[Captioned web images]
»»
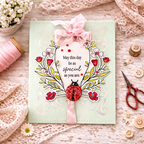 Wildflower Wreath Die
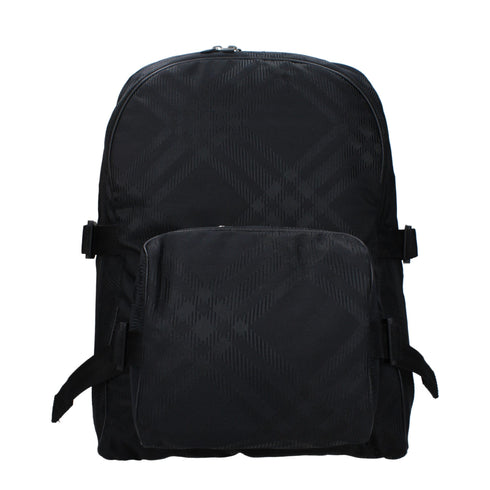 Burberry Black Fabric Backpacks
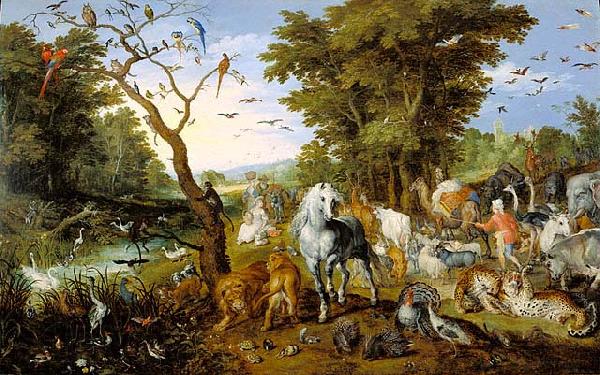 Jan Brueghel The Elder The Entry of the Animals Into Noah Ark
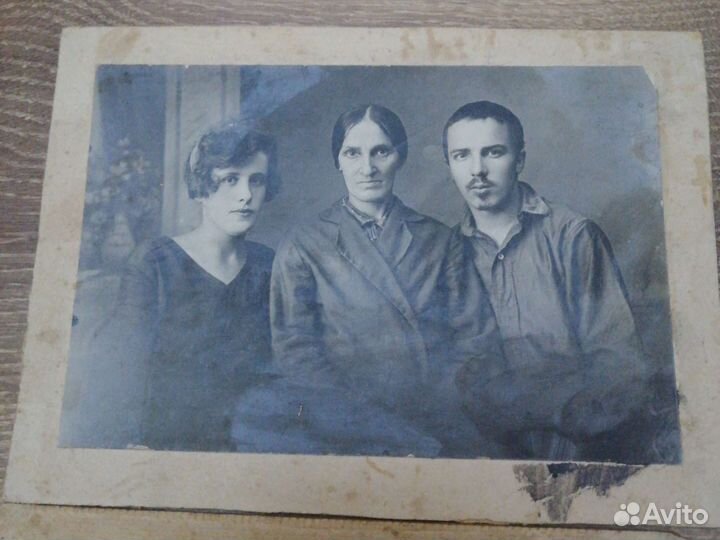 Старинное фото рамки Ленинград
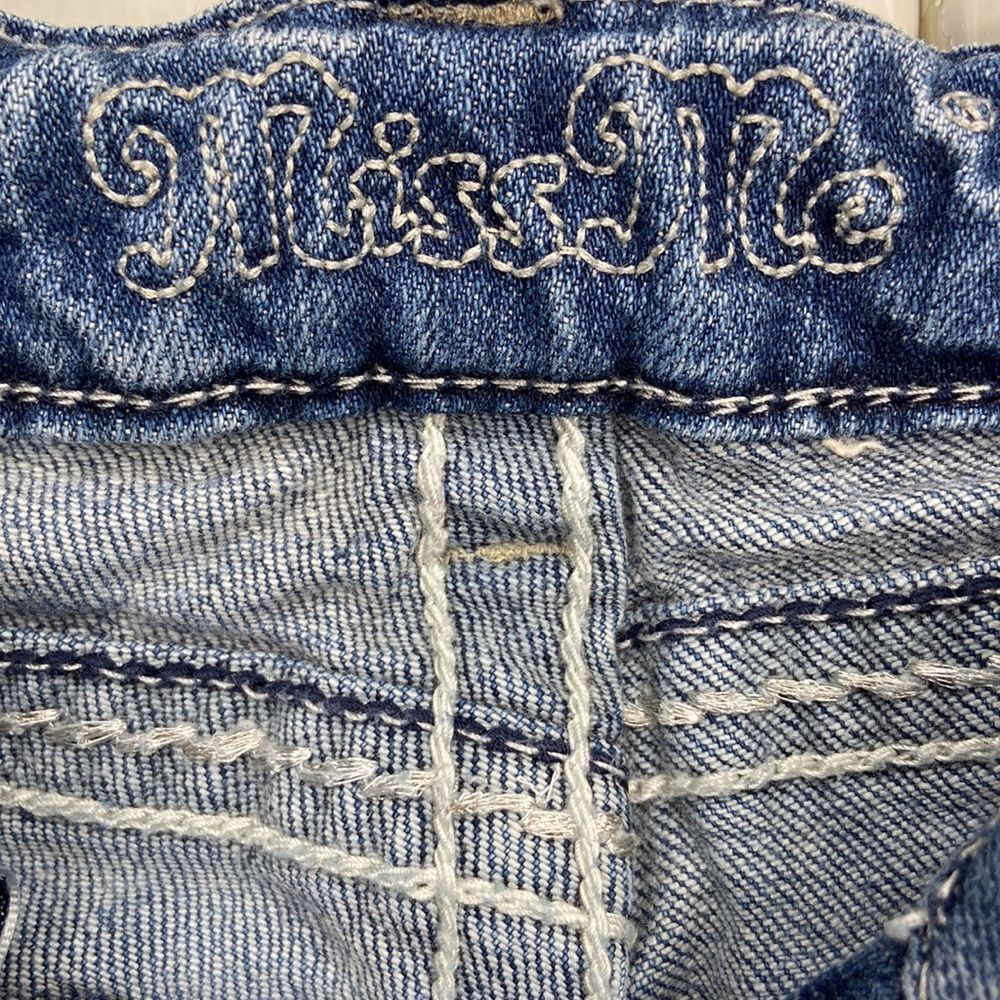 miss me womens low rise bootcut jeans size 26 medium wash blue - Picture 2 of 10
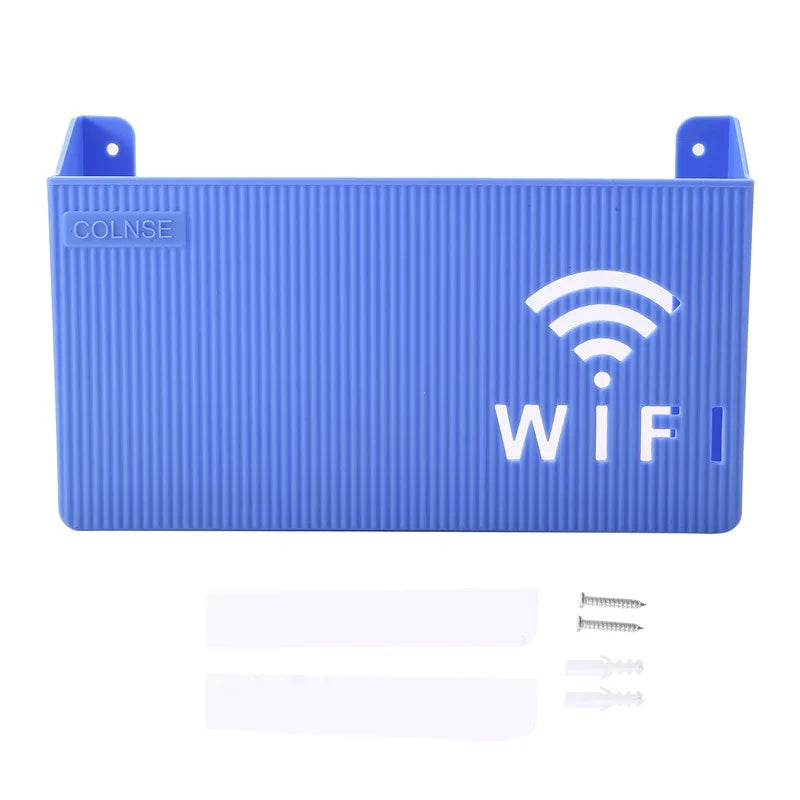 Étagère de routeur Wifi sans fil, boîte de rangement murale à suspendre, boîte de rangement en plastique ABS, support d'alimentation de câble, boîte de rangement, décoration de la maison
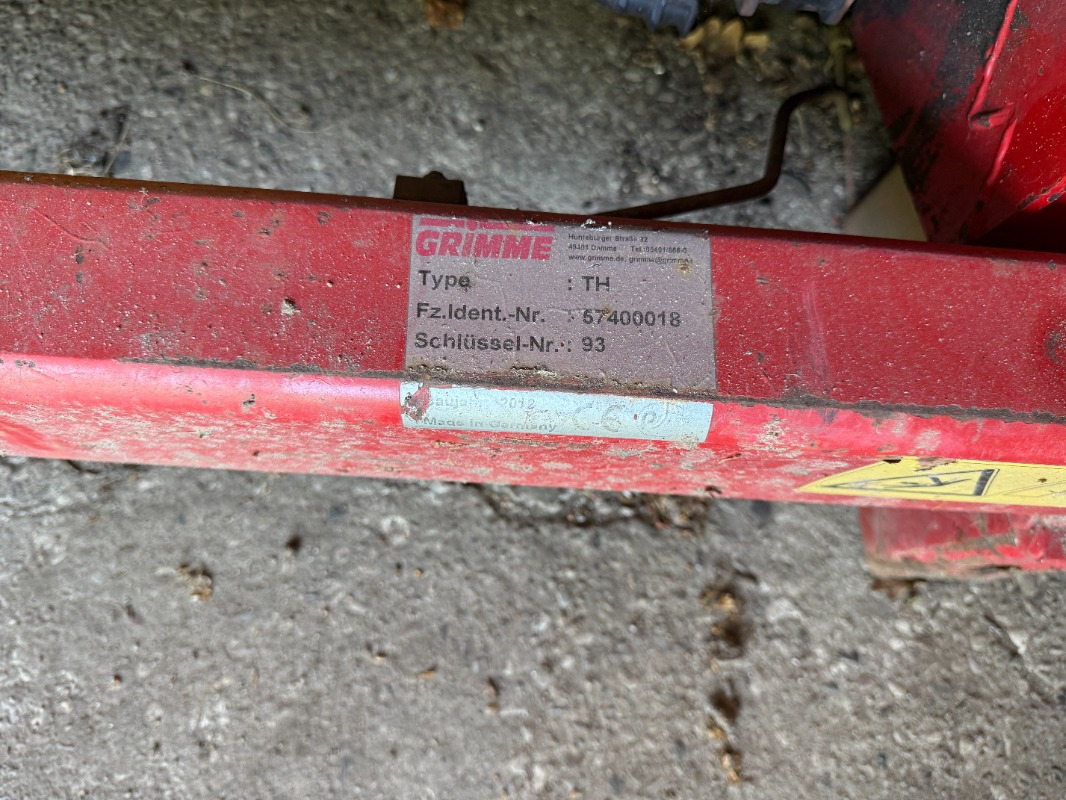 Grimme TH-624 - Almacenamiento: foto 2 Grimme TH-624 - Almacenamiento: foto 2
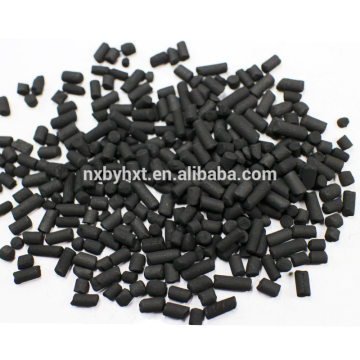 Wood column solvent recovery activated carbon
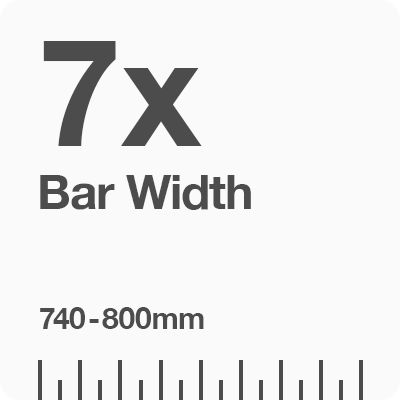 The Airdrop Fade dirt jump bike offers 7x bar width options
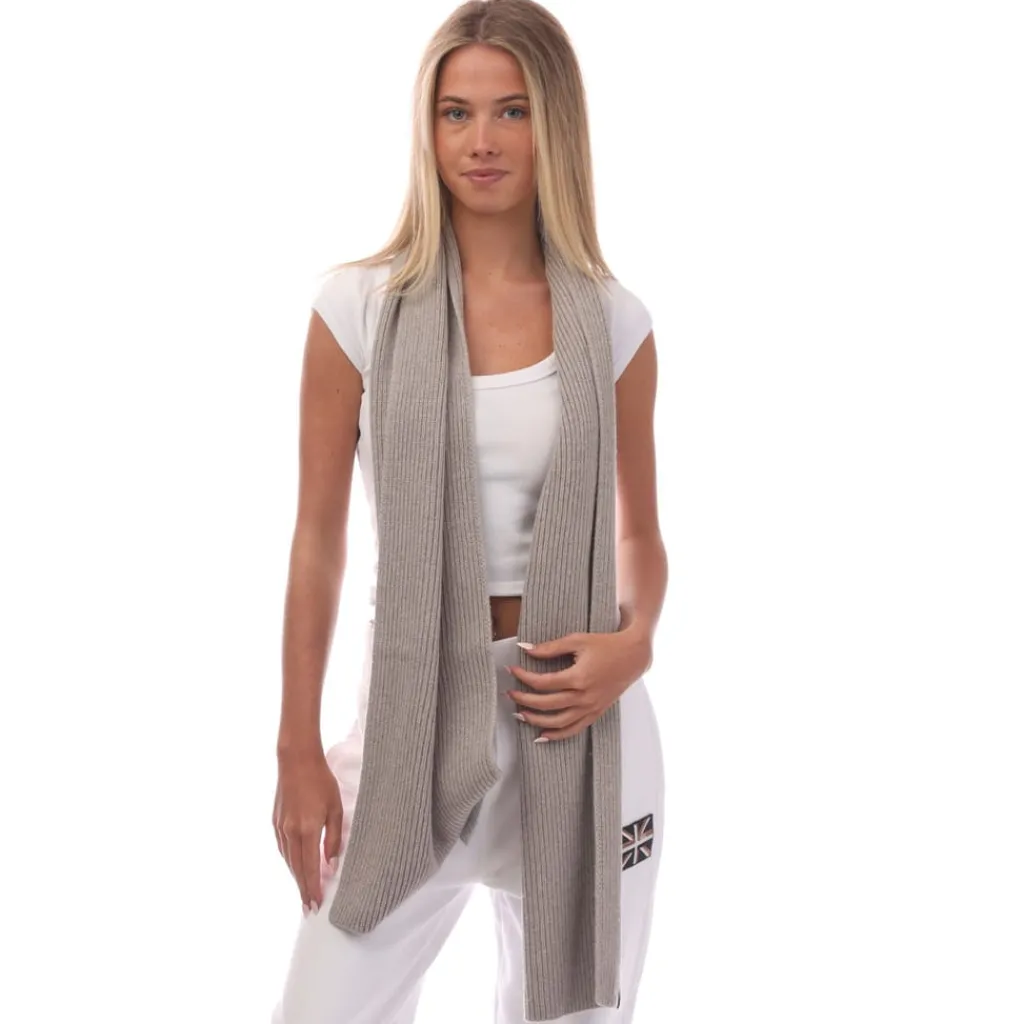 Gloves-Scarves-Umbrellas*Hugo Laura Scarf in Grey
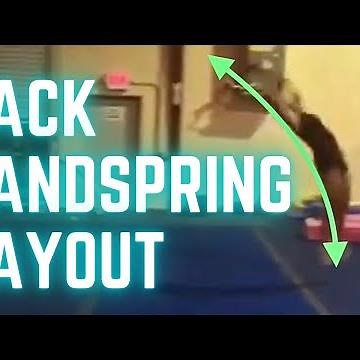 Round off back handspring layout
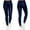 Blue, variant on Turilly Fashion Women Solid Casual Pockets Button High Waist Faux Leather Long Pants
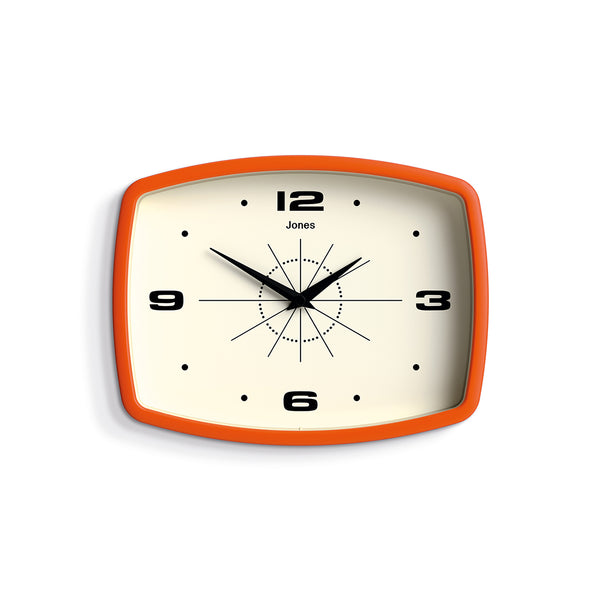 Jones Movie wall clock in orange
««
» Work task: Keep every word of the records and none of the pictures when you print them again.

» Reply to the task:
 Wildflower Wreath Die
 Burberry Black Fabric Backpacks
 Jan Brueghel The Elder The Entry of the Animals Into Noah Ark
 Старинное фото рамки Ленинград
 miss me womens low rise bootcut jeans size 26 medium wash blue - Picture 2 of 10
 Étagère de routeur Wifi sans fil, boîte de rangement murale à suspendre, boîte de rangement en plastique ABS, support d'alimentation de câble, boîte de rangement, décoration de la maison
 Grimme TH-624 - Almacenamiento: foto 2 Grimme TH-624 - Almacenamiento: foto 2
 Wood column solvent recovery activated carbon
 The Airdrop Fade dirt jump bike offers 7x bar width options
 Gloves-Scarves-Umbrellas*Hugo Laura Scarf in Grey
 Round off back handspring layout
 Blue, variant on Turilly Fashion Women Solid Casual Pockets Button High Waist Faux Leather Long Pants
 Jones Movie wall clock in orange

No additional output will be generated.